Two love stories. Happening side by side. Twin strands that braided together made one long rope that pulled me to dry land. Out of the great big blue and into my life.
I can't write music and I sure as hell can't make it. But everything I've ever written in the last few years has been an attempt at it. My graceless offerings that I lay at the alter of Art. This is my music--small essays made of little more than sounds and beats and that which I hold dear and true.
At the age of eighteen--still many years before meeting Sam--having just moved to New York and knowing nothing--absolutely so little about anything of import--most especially how much I had yet to know, my first boyfriend asked who my Ella was.

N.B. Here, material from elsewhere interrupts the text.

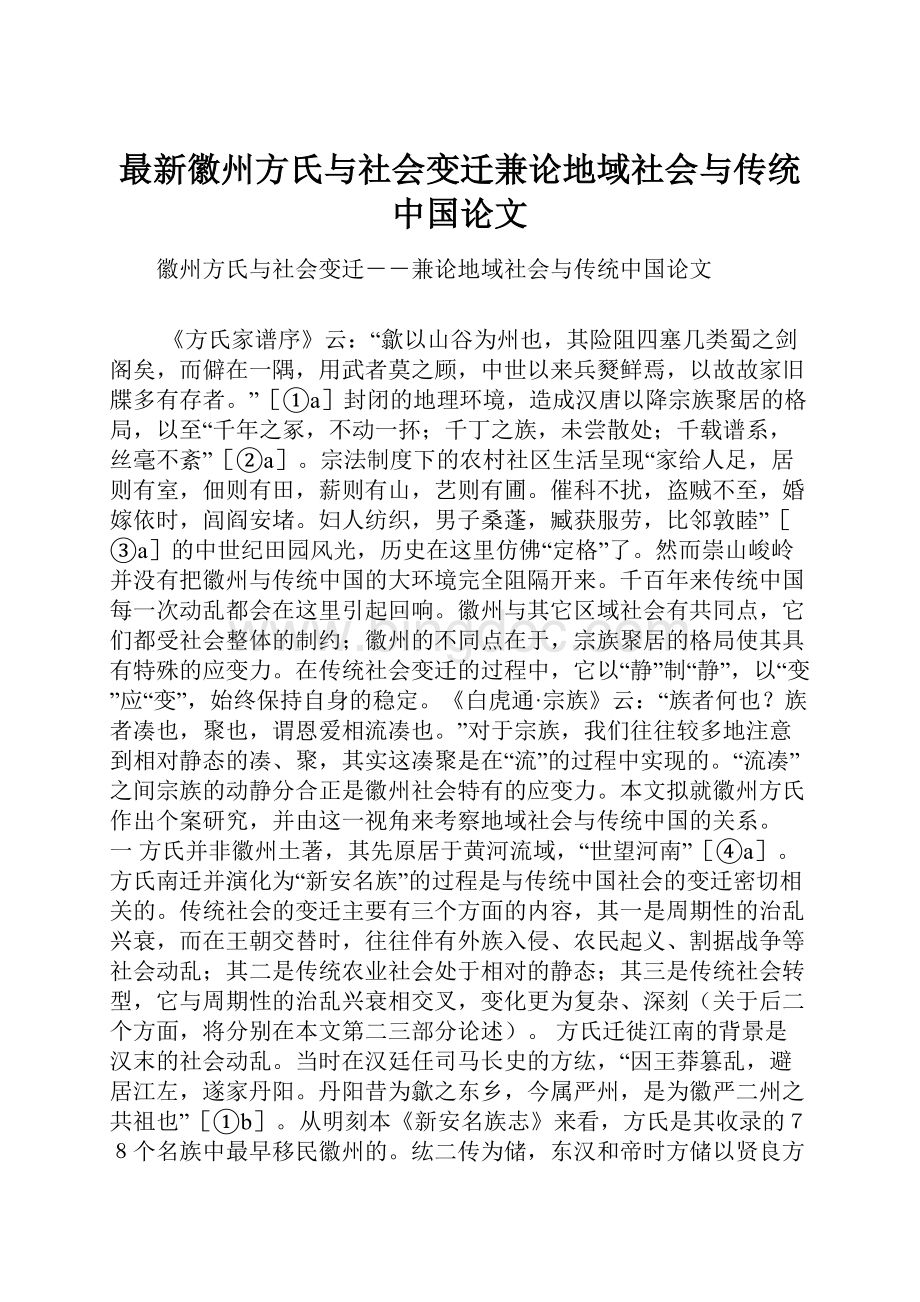 最新徽州方氏与社会变迁兼论地域社会与传统中国论文.docx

I didn't understand the question.
You know, who's your Ella Fitzgerald? What music absolutely undoes you? Hell if I know. Man, I can't wait till you find out. The finding out--that's the best part. I can't tell you how many times I've thought back on that moment--how many times I've written about it. I had no idea as it was being asked how that question would hang over me, inform what was to follow.
The search for Ella.
In the past few years I've come to say I found her in the folk movement of the Pacific Northwest. Or maybe the sounds coming out of London these last few years.
But on Monday night, standing on a little patch of grass in Central Park, listening to The Avett Brothers, I thought, oh yes, here she is, this is it.
Nearly nine years later and I've got my answer.
He was right. Damn, he was right. There's nothing like the finding out.